Robin was in a reflective mood that afternoon as the storm moved closer. She took Sam’s attention from the foothills, which were gone now, covered by brooding clouds, when she spoke. “Now when I go into a restaurant and see a couple sharing a pizza and he’s holding her hand over the table, I want that to be us so badly that my heart aches to the point that it hurts to breathe.”

Robin stared off into the distance, unseeing. It seemed as though she had gone somewhere deep inside herself where Sam could not follow. She could do nothing except wait for her sister to return.

“I remember sometimes we’d be driving somewhere and he’d have one hand on the wheel, and the other was in my lap, doing things he shouldn’t have been doing,” Robin said and arched her right eyebrow at Sam as if to say ‘know what I mean?’

“It’s funny what stays with you over time,” Sam said and took a long drag on her cigarette, then flicked the butt over the balcony.

The approaching storm had cast the city in a premature twilight. A long, jagged streak of lightning left the sky and struck something far off in the distance.
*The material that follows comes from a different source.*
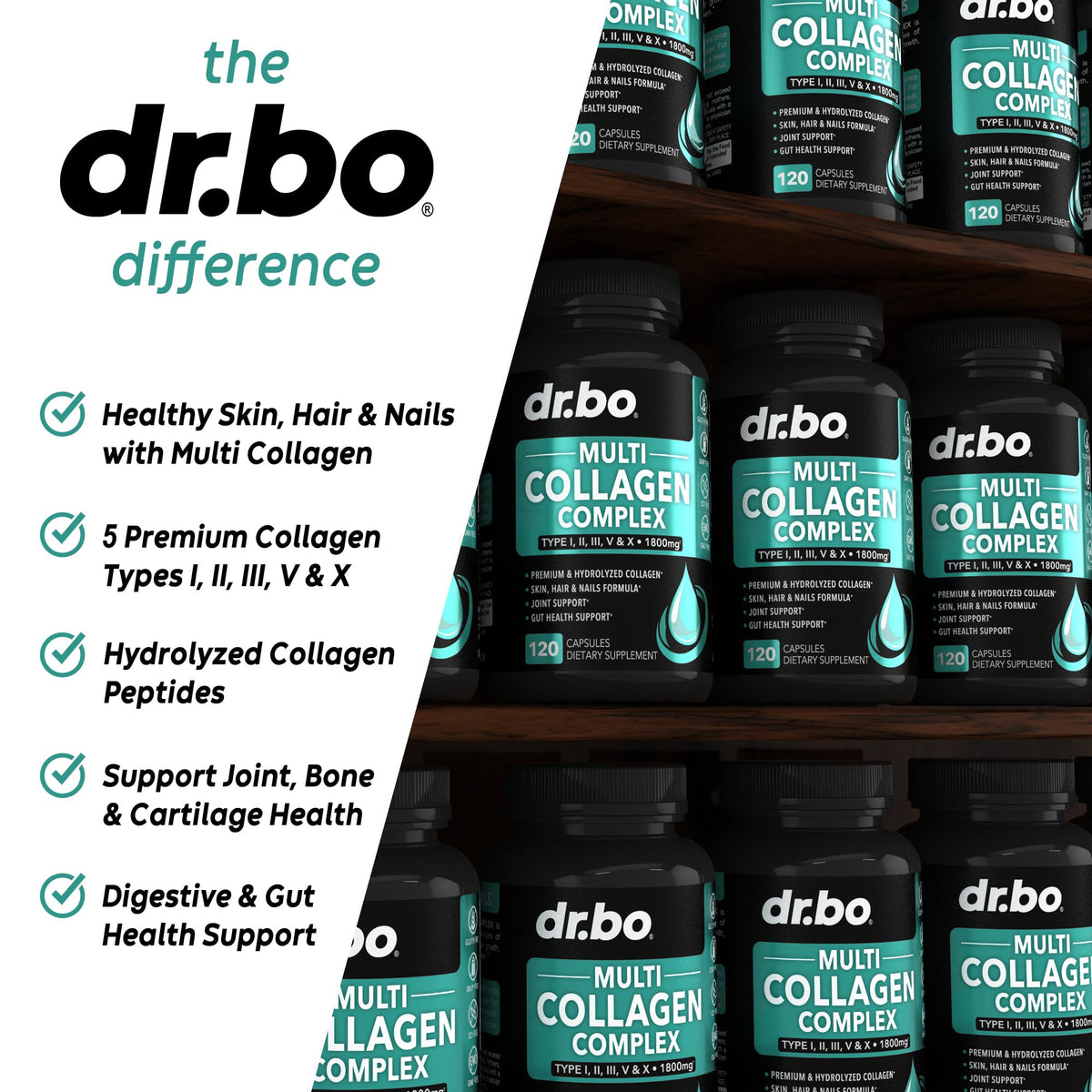 DR. BO Multi Collagen Peptides 120 Capsules - gélules à l'intérieur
The loud crack of thunder that quickly followed made the sisters jump.

“I love a good storm,” Robin said.

“Me, too,” Sam said. “There’s something mesmerizing about them.”
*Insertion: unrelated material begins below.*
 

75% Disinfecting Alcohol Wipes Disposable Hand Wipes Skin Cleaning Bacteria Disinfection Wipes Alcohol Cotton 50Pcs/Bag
Before long large dots of rain begin to cover the balcony railing, turning the light wood dark. For a long time neither spoke, caught up in their own thoughts.

And then Robin said, “I remember watching them pull Brady up out of the water. I remember standing where I was and I may have been too shocked to move, Sammie, but I am certain of one thing.”
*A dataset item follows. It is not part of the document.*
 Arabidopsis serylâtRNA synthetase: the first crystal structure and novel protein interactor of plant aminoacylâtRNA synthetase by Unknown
Sam knew what that one thing was. Robin told Sam that day in the ER—she felt his pain and it had pierced her heart in a way nothing ever really had. “I realized then how much I really loved him and always would,” Robin said and her voice cracked a little. For a time she was silent.

“Todd asked me out … again,” Robin said finally without giving Sam her eyes.

“And what did you say this time?”

Todd had fallen in love with Robin the moment he saw her. It was a relationship that never developed—Robin told Todd immediately that though she did have feelings for him, her heart and her love belonged to Brady and always would.

“What could I say? You know I could never do that to Brady. The Brady I fell in love with is still in there. I see him sometimes, and that Brady knows, that Brady sees. I couldn’t do it to him. I know he would probably shrug or pretend it didn’t bother him, but deep down, I know it would destroy him to see me with somebody else. I’ll never be with another man, Sam. Never.”

The storm marched in with an instant and ferocious beauty. It raged on for almost an hour, thunder, lightning, driving rain. It took hold of their attention and sent them into stillness and silence. The storm passed eventually, leaving a gentle rain. Something refreshing, something quiet, something soothing.

 

Everyone’s concerns vanished when they saw the white Chevrolet Caprice roll slowly through the open cast-iron gates of the cemetery. The car looked official, with its drab hubcaps, extra antennas and high-powered spotlights mounted on each side of the car doors. Sam watched Brady Gilmore get out of the car and follow his father toward the graveside. He walked with his head bent slightly forward and looked as obedient as the child he had become. Wyatt Gilmore was the Grandview police chief and a retired Marine. He stood six feet and was a bear of a man. Nearing sixty, his physique was that of a man twenty years younger, burly with a broad back and thick chest. His belly had only just begun to protrude slightly over his belt buckle. Though he was retired military, a part of him would always be a soldier. He still kept his hair buzzed close to the sides of his head and his face, though craggy, was clean shaven.

The winter sun shined warmly on them as the priest gave the final prayers. When the funeral was over, Sam waved goodbye to Judie and Wilson and began to walk with Todd to her car. She glanced quickly over her shoulder and saw that Brady had stayed at Robin’s grave. Wyatt and Jonathan followed Sam and Todd from behind. The men had worked together for years and knew each other well. They were talking low enough that Sam could not hear them.